Women in iT
First off, let's debunk a myth: women are establishing their turf in the iT sector. While it's true that there has been a longstanding imbalance in the ratio of males to females in the technology workforce, there are signs that things are starting to change.
These days, programs in schools, colleges and universities have been established to encourage young women to explore and pursue interests in computing, science and engineering. Upon graduation, talented women are discovering that employers want to make them feel welcome, involved and rewarded. Today's companies want a diverse workforce - to reflect their customers and communities, as well as to enhance their decision-making to achieve competitive advantage. So they are actively looking for women to fill open iT jobs, both in management and entry-level positions.
More women find career satisfaction in iT
Many iT jobs enable work-life balance, which is a major benefit for women. And, perhaps one of the iT sector's best-kept secrets, the profession is home to many woman who have built satisfying careers in technology. These women offer a wealth of insights into their personal successes.

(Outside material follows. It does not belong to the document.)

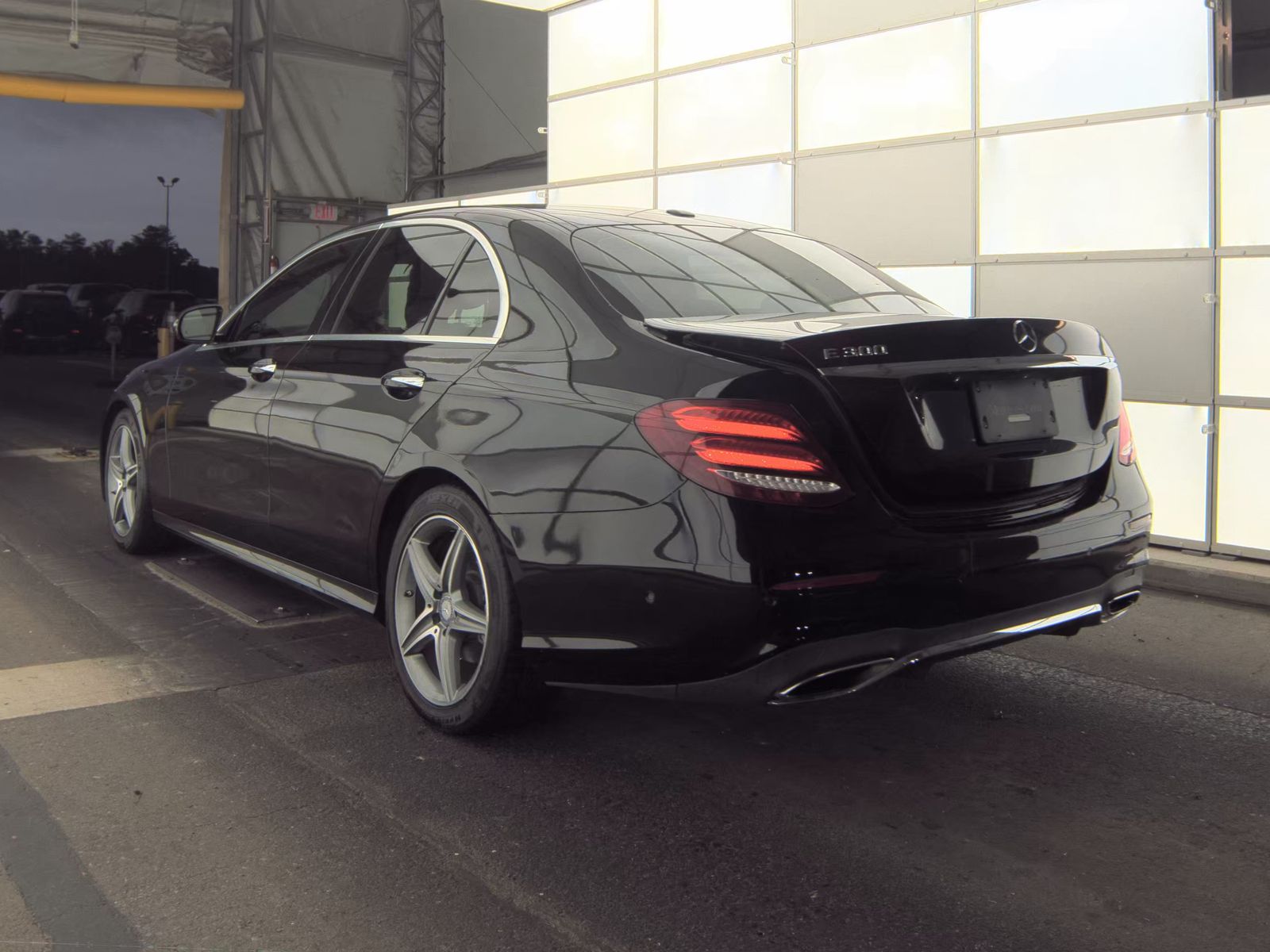 MERCEDES-BENZ E-CLASS - 7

Many women state simply that they always loved computers and thrived by applying their technical skills. Others note that they succeeded because of the distinct skill sets they offered: communications, problem-solving and leadership capabilities that many male counterparts lacked.
Interestingly, one study indicated that about a third of women in the iT sector majored in the arts, social sciences or humanities, and entered the iT field in small increments through on-the-job experiences or encouragement from a mentor. As a result, many women thriving in iT today began their careers in areas ranging from business and chemistry to nursing and mathematics.